A single threshold treats “no ISRC at all” the same as “ISRC present but malformed,” which have very different risk profiles. Split routing so that low-risk auto-merges and high-risk manual reviews follow separate paths, and persist every score — not just the winner — for audit purposes.

python
def route_matches(scores: list[MatchScore], audit_sink) -> dict[str, list[MatchScore]]:
    routed: dict[str, list[MatchScore]] = {"auto_merge": [], "manual_review": [], "reject": []}
    for score in scores:
        routed[score.confidence_tier].append(score)
        audit_sink.write(score.model_dump())
    return routed

Verification & Validation

Before promoting a scoring change to production, replay it against a labeled holdout set of previously resolved matches and track the ISRC resolution rate (percentage of exact-match misses successfully closed by the fuzzy layer) alongside a precision figure computed from manually confirmed pairs. Assert that auto_merge precision stays above 99.5% — because auto-merges bypass human review, any drift below that threshold should block deployment. Log the full MatchScore payload, including rejected candidates, to an append-only table keyed by batch_id so that a royalty manager disputing a payout can reconstruct exactly why a track was or was not merged, and reconcile the count of auto_merge rows against the delta in the payout ledger for that reporting period.

Edge Cases & Gotchas

Cover versions and live re-recordings routinely score above 90 on title and artist alone because the composite weights in this example do not penalize duration mismatches heavily enough for short-duration catalogs — tune the duration penalty steeper for classical or spoken-word content where a 30-second difference is a different work entirely. Territory-code noise (US vs USA vs a missing code) will silently exclude legitimate blocking-key matches if normalization runs after the block key is built rather than before. Unicode artist names transliterated differently across DSPs (e.g., a Cyrillic or Hangul name romanized two different ways) will pass Jaro-Winkler poorly even when the underlying work is identical — maintain a transliteration lookup rather than relying on scoring alone. Finally, NULL duration fields break the bucket-based blocking key outright; coerce them to a sentinel bucket rather than letting the join silently drop the row.

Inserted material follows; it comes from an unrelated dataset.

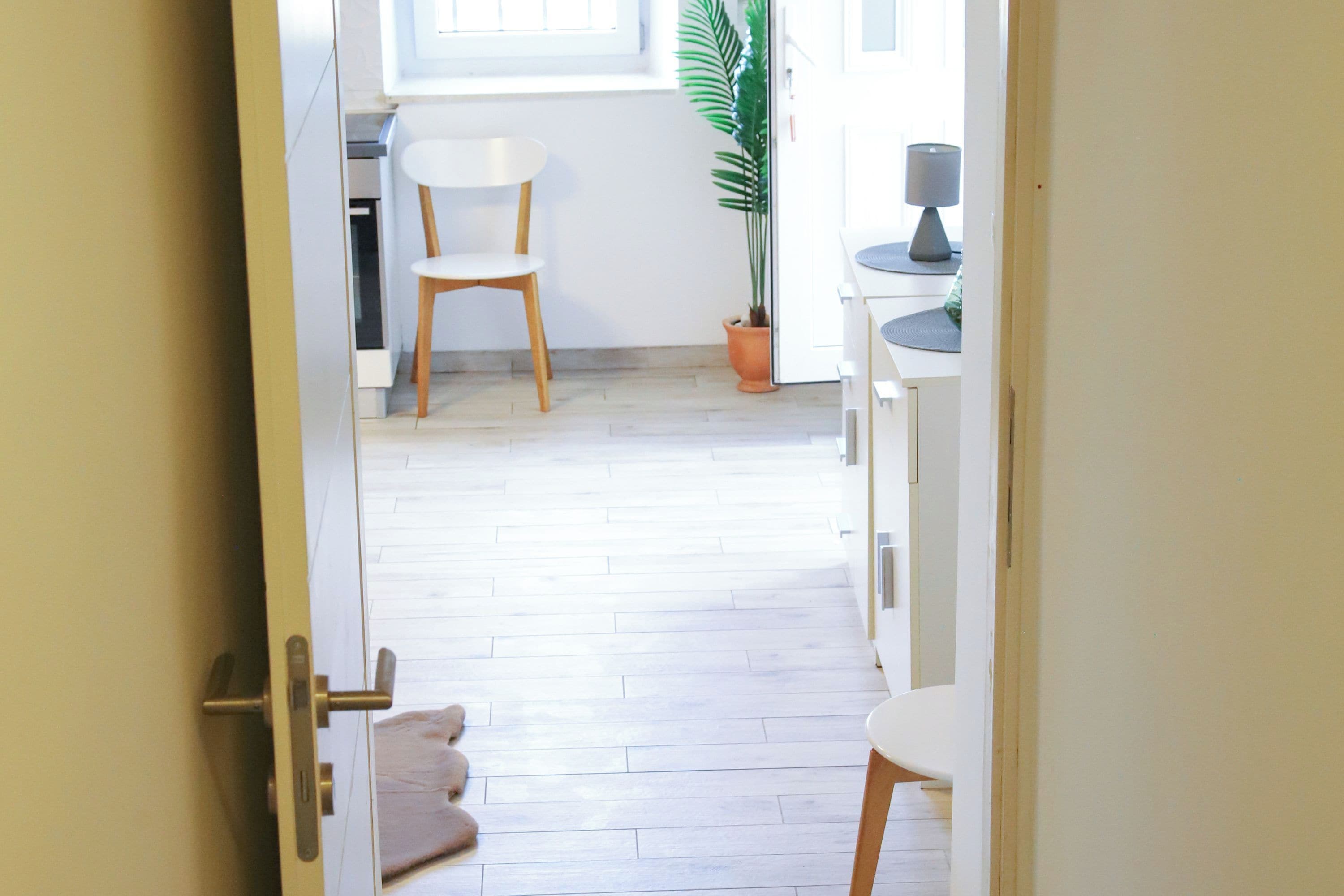 A doorway leading to a room with a white chair, a potted plant, and a lamp on a table.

Records that clear the manual_review tier but remain unresolved after human inspection should fall through to the Fallback Routing Logic Design layer rather than being force-merged, and persistent identifier collisions surfaced by low composite scores are often better resolved with the dedicated ISRC Collision Resolution Strategies covered separately.